[ClusterLabs] Antw: Re: Antw: [EXT] Recoveing from node failure
Ulrich Windl
Ulrich.Windl at rz.uni-regensburg.de
Mon Dec 14 05:53:22 EST 2020
>>> Gabriele Bulfon <gbulfon at sonicle.com> schrieb am 14.12.2020 um 11:48 in
Nachricht <1065144646.7212.1607942889206 at www>:
> Thanks!
>
> I tried first option, by adding pcmk_delay_base to the two stonith
> primitives.
> First has 1 second, second has 5 seconds.
> It didn't work :( they still killed each other :(
> Anything wrong with the way I did it?
Hard to say without seeing the logs...
>
> Here's the config:
>
> node 1: xstha1 \
> attributes standby=off maintenance=off
> node 2: xstha2 \
> attributes standby=off maintenance=off
> primitive xstha1-stonith stonith:external/ipmi \
> params hostname=xstha1 ipaddr=192.168.221.18 userid=ADMIN
> passwd="***" interface=lanplus pcmk_delay_base=1 \
> op monitor interval=25 timeout=25 start-delay=25 \
> meta target-role=Started
> primitive xstha1_san0_IP IPaddr \
> params ip=10.10.10.1 cidr_netmask=255.255.255.0 nic=san0
> primitive xstha2-stonith stonith:external/ipmi \
> params hostname=xstha2 ipaddr=192.168.221.19 userid=ADMIN
> passwd="***" interface=lanplus pcmk_delay_base=5 \
> op monitor interval=25 timeout=25 start-delay=25 \
> meta target-role=Started
> primitive xstha2_san0_IP IPaddr \
> params ip=10.10.10.2 cidr_netmask=255.255.255.0 nic=san0
> primitive zpool_data ZFS \
> params pool=test \
> op start timeout=90 interval=0 \
> op stop timeout=90 interval=0 \
> meta target-role=Started
> location xstha1-stonith-pref xstha1-stonith -inf: xstha1
> location xstha1_san0_IP_pref xstha1_san0_IP 100: xstha1
> location xstha2-stonith-pref xstha2-stonith -inf: xstha2
> location xstha2_san0_IP_pref xstha2_san0_IP 100: xstha2
> order zpool_data_order inf: zpool_data ( xstha1_san0_IP )
> location zpool_data_pref zpool_data 100: xstha1
> colocation zpool_data_with_IPs inf: zpool_data xstha1_san0_IP
> property cib-bootstrap-options: \
> have-watchdog=false \
> dc-version=1.1.15-e174ec8 \
> cluster-infrastructure=corosync \
> stonith-action=poweroff \
> no-quorum-policy=stop
>
>
> Sonicle S.r.l. : http://www.sonicle.com
> Music: http://www.gabrielebulfon.com
> eXoplanets : https://gabrielebulfon.bandcamp.com/album/exoplanets
>
>
>
>
>
>
----------------------------------------------------------------------------
> ------
>
> Da: Andrei Borzenkov <arvidjaar at gmail.com>
> A: users at clusterlabs.org
> Data: 13 dicembre 2020 7.50.57 CET
> Oggetto: Re: [ClusterLabs] Antw: [EXT] Recoveing from node failure
>
>
> 12.12.2020 20:30, Gabriele Bulfon пишет:
>> Thanks, I will experiment this.
>>
>> Now, I have a last issue about stonith.

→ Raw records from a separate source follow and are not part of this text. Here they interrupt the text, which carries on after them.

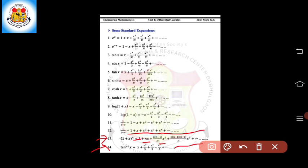These are all the expansions for the standard functions — exponential, trigonometric, hyperbolic, and logarithmic. These are very useful to solve examples based on the Maclaurin series expansion. We should prepare these standard expansions to solve examples on the Maclaurin series. In the next lecture we will see some examples on the Maclaurin series. Thank you.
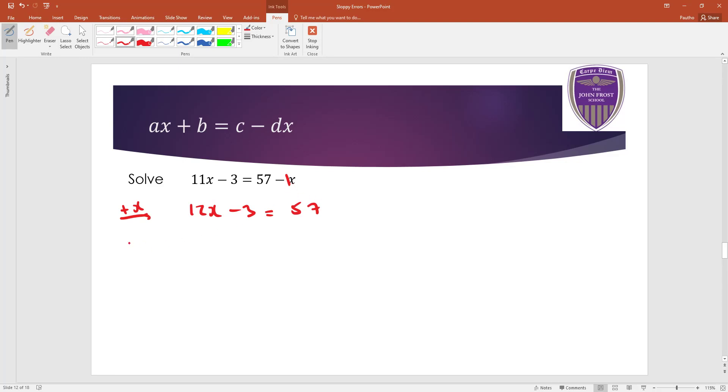And then this time, you add the three on. You get 60. Then divide by 12. And you get x equals five.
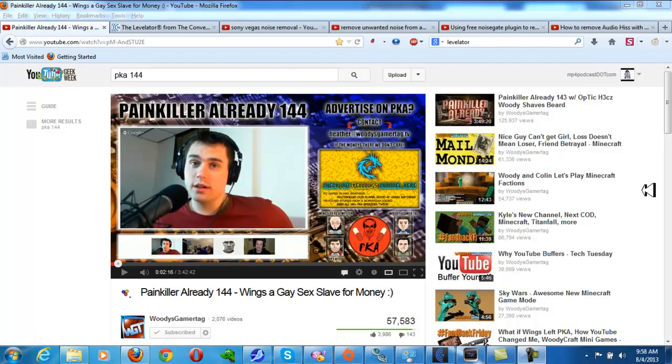Hey guys, what's up? It's once again mp4podcast.com and this is a simple little video tutorial for people who are doing podcasts.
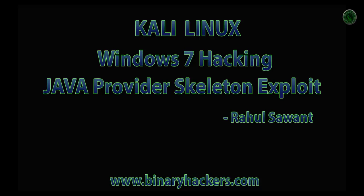Hello all, welcome to binaryhackers.com. In this Kali Linux tutorial I am going to show you how to hack Windows 7 machine using a Java provider skeleton exploit.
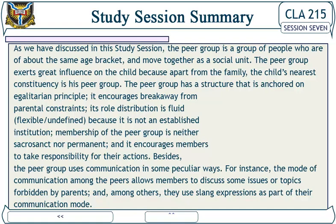Membership of the peer group is neither sacrosanct nor permanent, and it encourages members to take responsibility for their actions. Besides, the peer group uses communication in some peculiar ways. For instance, the mode of communication among peers allows members to discuss some issues or topics forbidden by parents, and among others, they use slang expressions as part of their communication mode. End of study session 7. Thanks for listening.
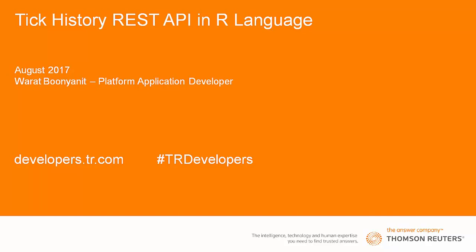Hello and welcome to Thomson Reuters video tutorial. In this video, we are going to show you how to retrieve data from Thomson Reuters TickHistory in R language.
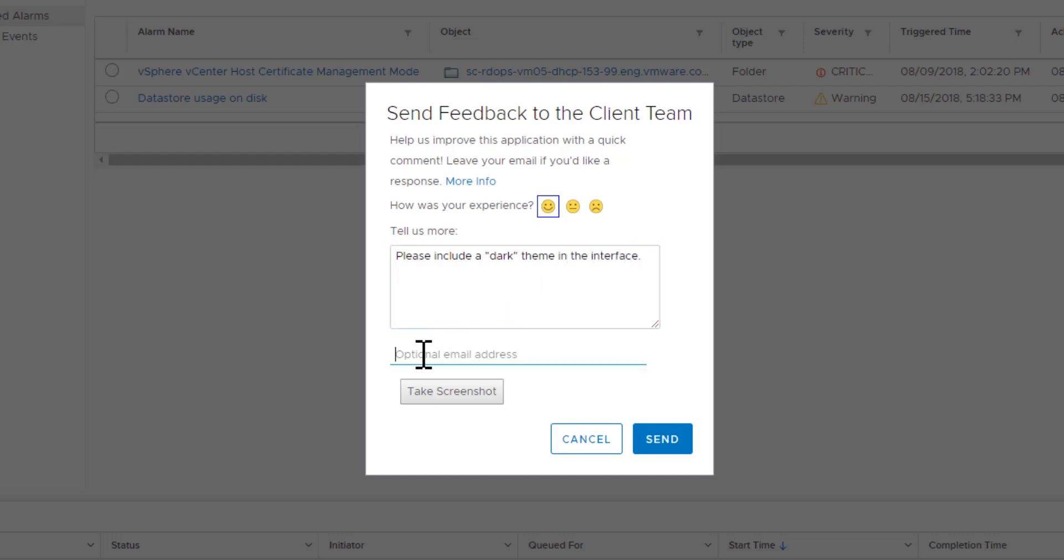Optionally, enter your email address. Although your email address is optional, we highly encourage you to enter it for us to contact you directly about your feedback.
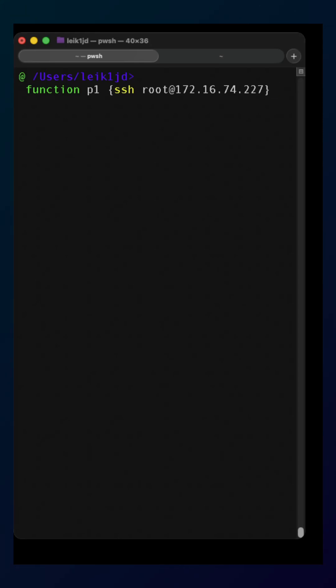Keep in mind, this is going to be for your local machine only, but there are mechanisms to export functions you've created and import them on other systems with PowerShell.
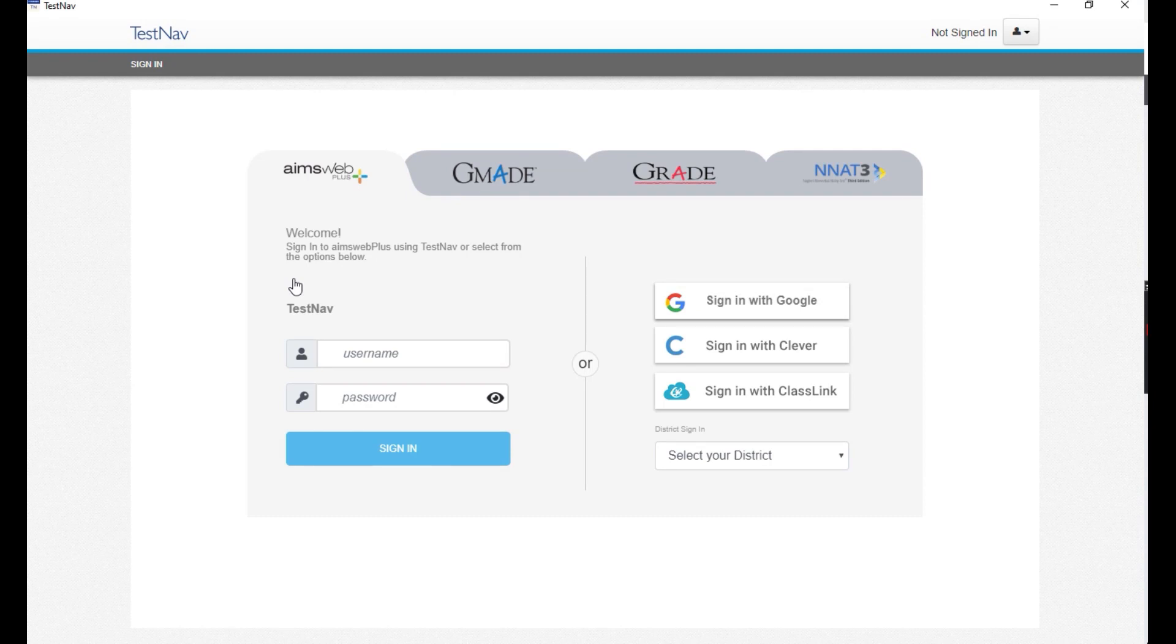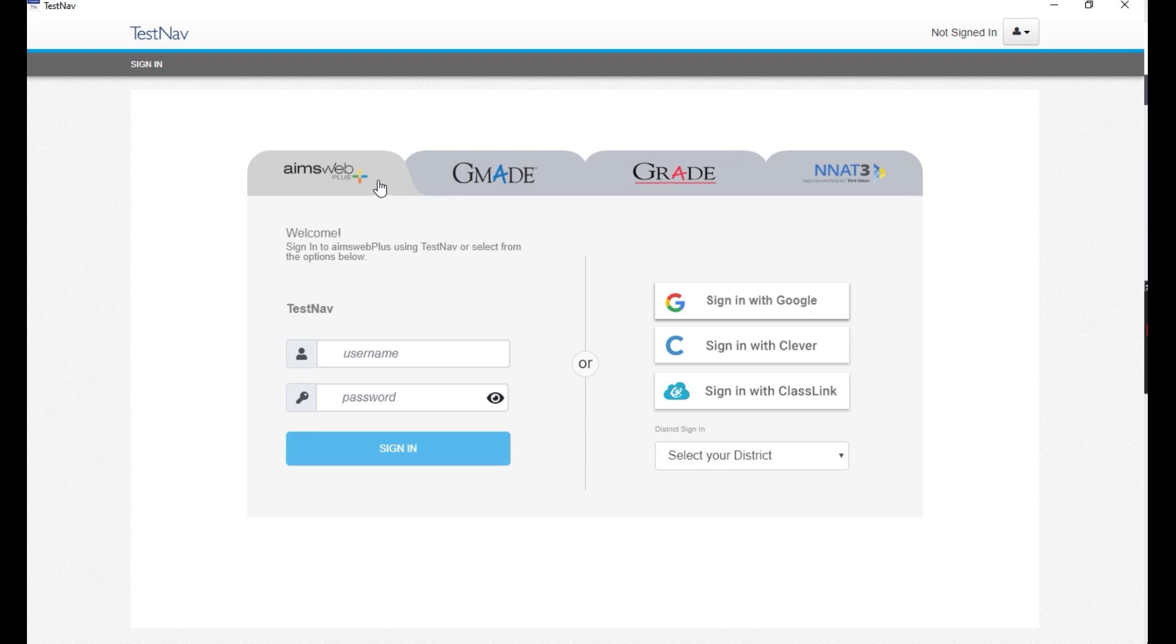A login screen will appear. Once you are on the login screen, AIMSwebPlus will be the default tab. The additional tabs listed are for other programs.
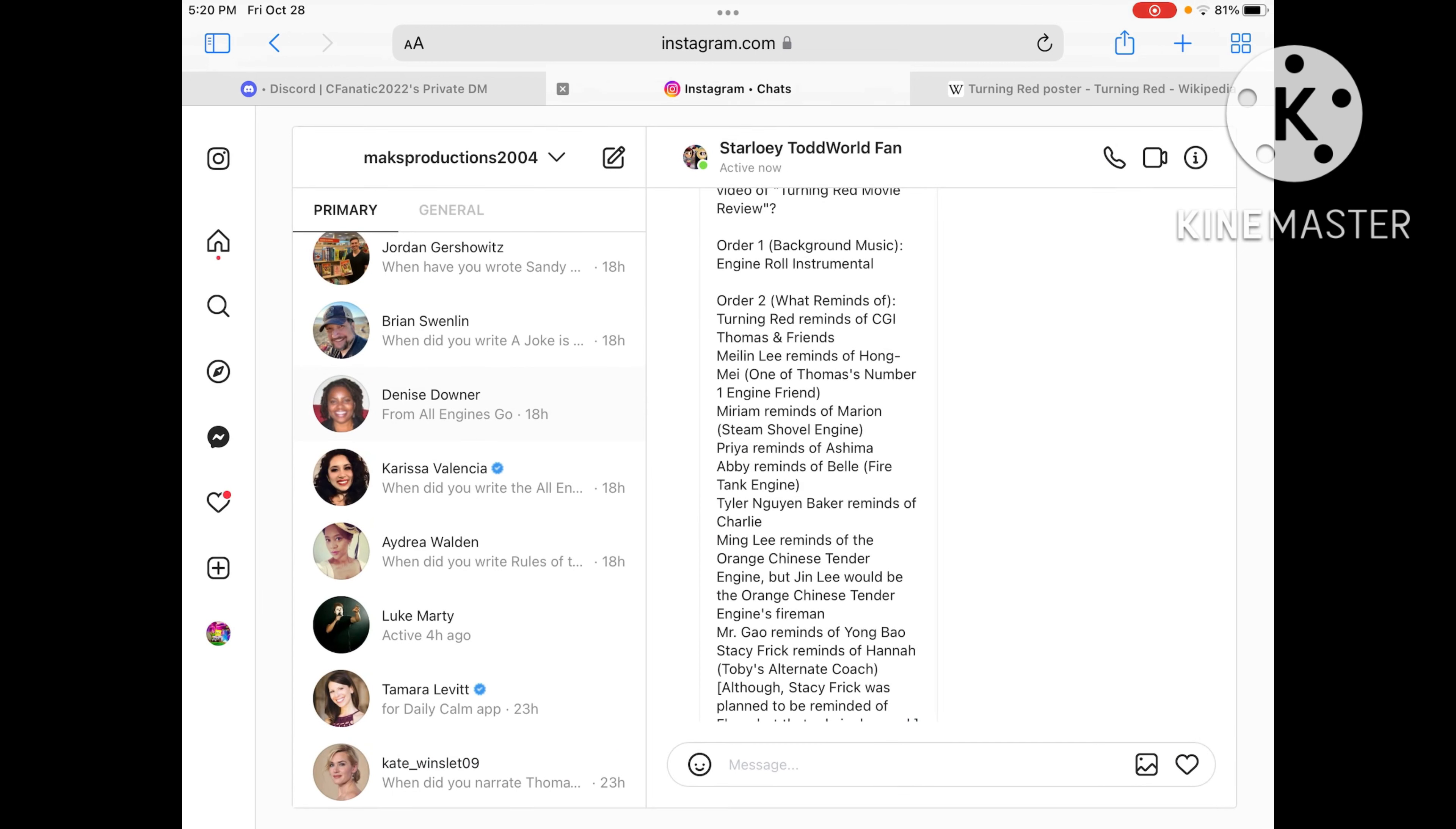Meilin Lee reminds me of Hong Mei, which is one of Thomas's number one engine friends. She also has the same number as Glenn and Skarloey.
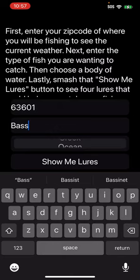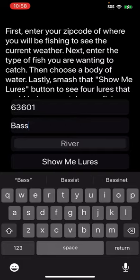So let's say we're going to be in a river. This is going to go out to a weather API and bring back the current temp, the wind in miles per hour, the pressure — which is huge with fishing, as fish are more active or less active depending on that pressure — and then the current weather condition in that zip code you entered. Then it's going to go out to ChatGPT with all this information, and ChatGPT is going to make its best guess on the four lures it thinks are good.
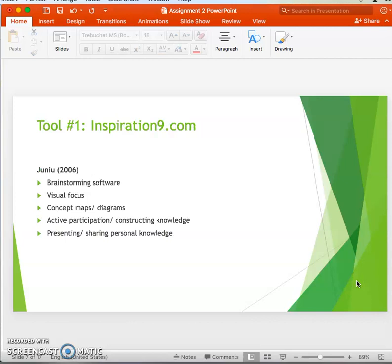Inspiration 9, according to Janu (2006), is a brainstorming software that enables students to create concept maps and plan diagrams. Students visually display their ideas and supports in a visual diagram. By using this tool, they are actively involved in constructing their knowledge and are given the opportunity to think about how they might implement their ideas into a solution or response to an activity or problem.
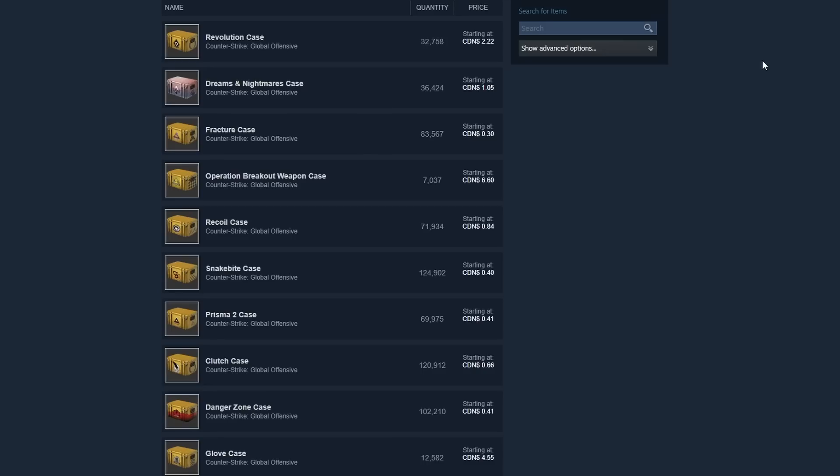So don't go ahead and start panic listing your items and selling them for 50% off like many people are doing right now.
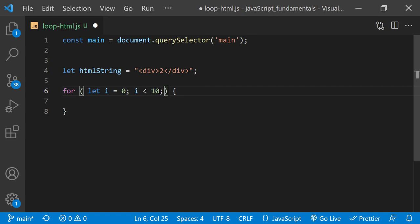Again, the condition gets evaluated before each loop iteration. Now I need to make sure that the loop ends at some point. I can do that by updating the value of i each time through the loop. I'll use the increment operator to add 1 to the current value of i each time the loop runs. In other words, after the code in this code block runs.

>> I tried to reproduce a stonith situation, by disabling the network
interface
> used for HA on node 1.
>> Stonith is configured with ipmi poweroff.
>> What happens, is that once the interface is down, both nodes tries to
> stonith the other node, causing both to poweroff...
>
> Yes, this is expected. The options are basically
>
> 1. Have separate stonith resource for each node and configure static
> (pcmk_delay_base) or random dynamic (pcmk_delay_max) delays to avoid
> both nodes starting stonith at the same time. This does not take
> resources in account.
>
> 2. Use fencing topology and create pseudo-stonith agent that does not
> attempt to do anything but just delays for some time before continuing
> with actual fencing agent. Delay can be based on anything including
> resources running on node.
>
> 3. If you are using pacemaker 2.0.3+, you could use new
> priority-fencing-delay feature that implements resource-based priority
> fencing:
>
> + controller/fencing/scheduler: add new feature 'priority-fencing-delay'
> Optionally derive the priority of a node from the
> resource-priorities
> of the resources it is running.
> In a fencing-race the node with the highest priority has a certain
> advantage over the others as fencing requests for that node are
> executed with an additional delay.
> controlled via cluster option priority-fencing-delay (default = 0)
>
>
> See also https://www.mail-archive.com/users@clusterlabs.org/msg10328.html
>
>> I would like the node running all resources (zpool and nfs ip) to be the
> first trying to stonith the other node.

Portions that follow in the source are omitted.